You will also see fortifications like gun emplacements and Japanese canon.

But we didn’t just go for the history. We enjoyed visiting an unspoiled destination where there are relatively few tourists and friendly, welcoming people. There are lovely places to walk in the jungle, along deserted beaches, and atop rugged cliffs where you can watch sea turtles swimming offshore. 

You can also visit the Taga stone quarry and ancient Latte stone villages, and wonder again at how the heck they moved those huge stones.

We especially liked the bird refuge with the seabirds soaring over the rugged cliffs and huge fruit bats flying overhead. 

There are only two towns on the island and only a very few places to stay, and just a handful of restaurants.
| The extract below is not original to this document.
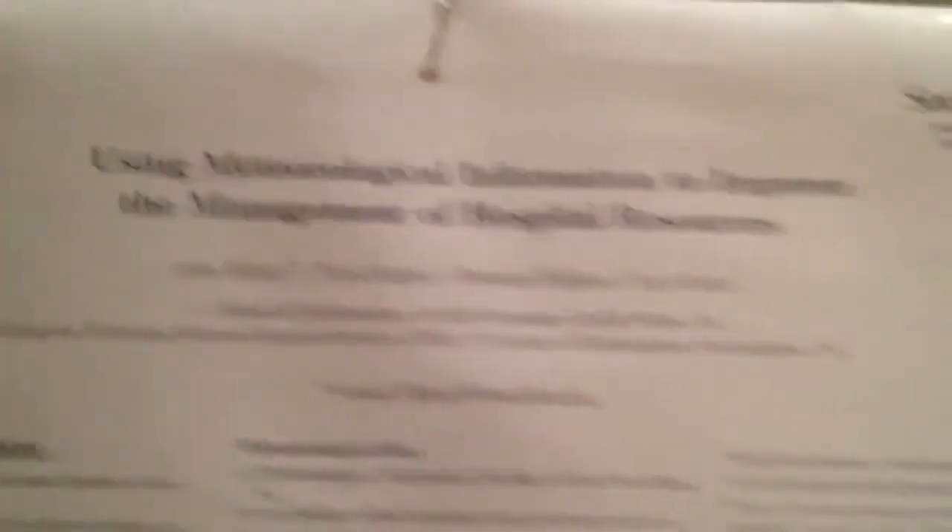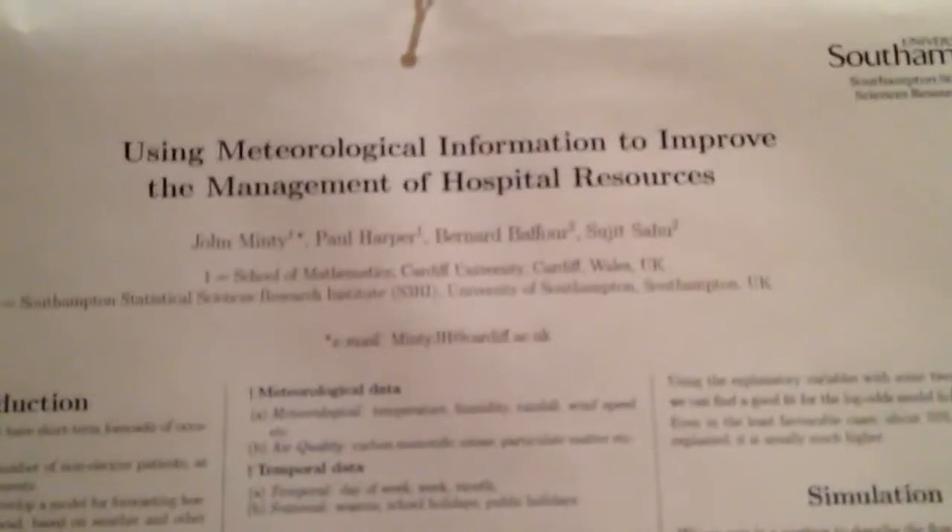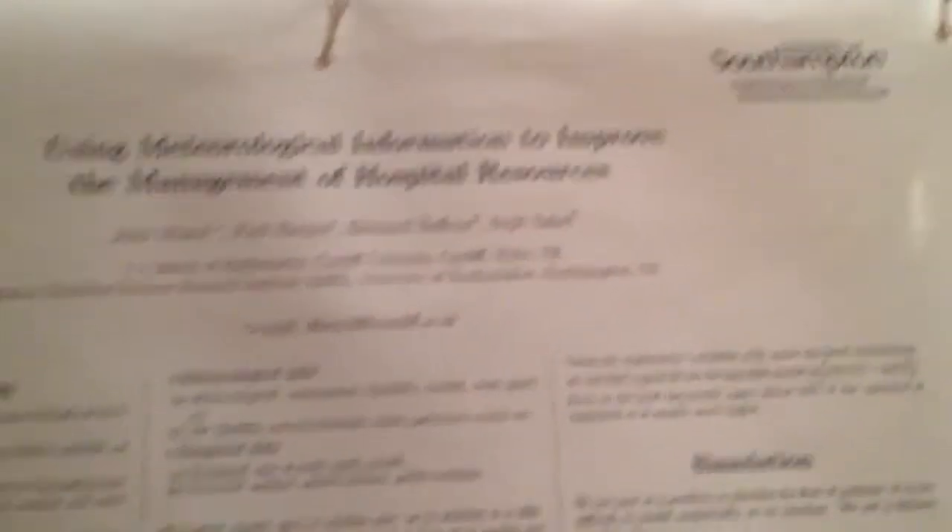First come, first served. Here are the two Cardiff posters. This is the poster done by Professor Paul Harper and John Minty, looking at linking weather projections to possible capacity management. And this is a poster that Janet Williams and myself are presenting, looking at using discrete event simulation to model patient choice — looking at the behavioral theory stuff that comes out of that. And that is the exposition center, all very nice at a beautiful grand resort.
You can see that it had once been a big destination, but infrequent air service has devastated tourism. So unlike many places you can visit, the local people are very happy to see you. It is a lovely place simply decompress.
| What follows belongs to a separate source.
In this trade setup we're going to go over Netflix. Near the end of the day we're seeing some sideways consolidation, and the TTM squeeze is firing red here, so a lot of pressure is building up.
If you visit Guam, and perhaps Saipan and Tinian, we would highly recommend taking the extra time to visit Rota. Say hello to our friends at the Hotel Valentino!

Are you trying to visit all the National Parks, or National Park Units?

If your goal is to visit them, one or all, we’d love to help you strategize. Give us a call at (480) 609-3978 or drop us a note here. We always enjoy talking with people who share our passion for visiting these gems of the National Park Service.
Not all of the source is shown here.